Primary Health Care Limited - acquisition of pathology assets previously operated by Healthscope in Queensland
Type of assessment
Primary Health Care Limited
Pathology assets previously operated by Healthscope in Queensland
Primary Health Care acquired certain pathology assets previously operated by Healthscope in Queensland.
Outcome of assessment
Not opposed subject to undertakings
Total review days *
Commenced public review
13th February 2015
16th June 2016
In previous reviews involving pathology providers, the ACCC has considered acquisitions in the context of state-based markets for the supply of community pathology services. In this case, the ACCC considered a Queensland-based market and, alternatively, separate geographic markets in each of the Gold Coast, Brisbane and the Sunshine Coast.
These narrower geographic markets were relevant because the ACCC's investigation found that Healthscope provided a particularly strong competitive constraint in these regions. Although pathology providers can operate and compete at a state-wide level, the competitive effects of pathology mergers can have an impact in geographic regions narrower than a state. This is primarily because pathology providers only act as an immediate competitive constraint within a limited range of their existing laboratories and collection centres. In this case, documents and information gathered through the investigation indicated that the Gold Coast, Brisbane and the Sunshine Coast represented Healthscope's key fields of rivalry with competing pathology providers.

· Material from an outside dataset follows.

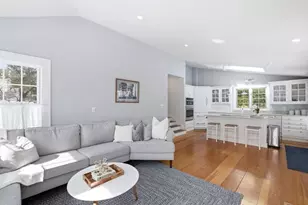 25 Irving Pl, Holliston, MA 01746 - Photo 15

The ACCC concluded that, after taking account of the undertakings given by Primary and Healthscope, the acquisition was not likely to result in a substantial lessening of competition in any relevant market. This was because the undertakings would have the effect of restoring the market structure to its pre-acquisition state.
Primary and Healthscope did not notify the ACCC of the acquisition and Primary proceeded to acquire the Healthscope assets before the ACCC was aware of the acquisition. As a result, at the time of giving the undertakings, the Healthscope assets were already owned by Primary. The undertaking given by Primary therefore required Primary to divest all of the collection centres that it had acquired from Healthscope and still held, and to facilitate the transfer of the personnel required to operate them. As Healthscope had retained some of its pathology assets in Queensland, it was also required to divest some of those assets to the same purchaser. The undertakings required Primary and Healthscope to divest the assets to a purchaser approved by the ACCC, in order to create a viable, effective, stand-alone, independent and long term competitor in the supply of community pathology services in Queensland.
The ACCC approved Medlab as the purchaser of the divestiture assets under both undertakings. In particular, the ACCC considered that Medlab would provide a competitive constraint on Primary and Sonic that was comparable to that which would have been provided by Healthscope's Queensland pathology business in the absence of the acquisition.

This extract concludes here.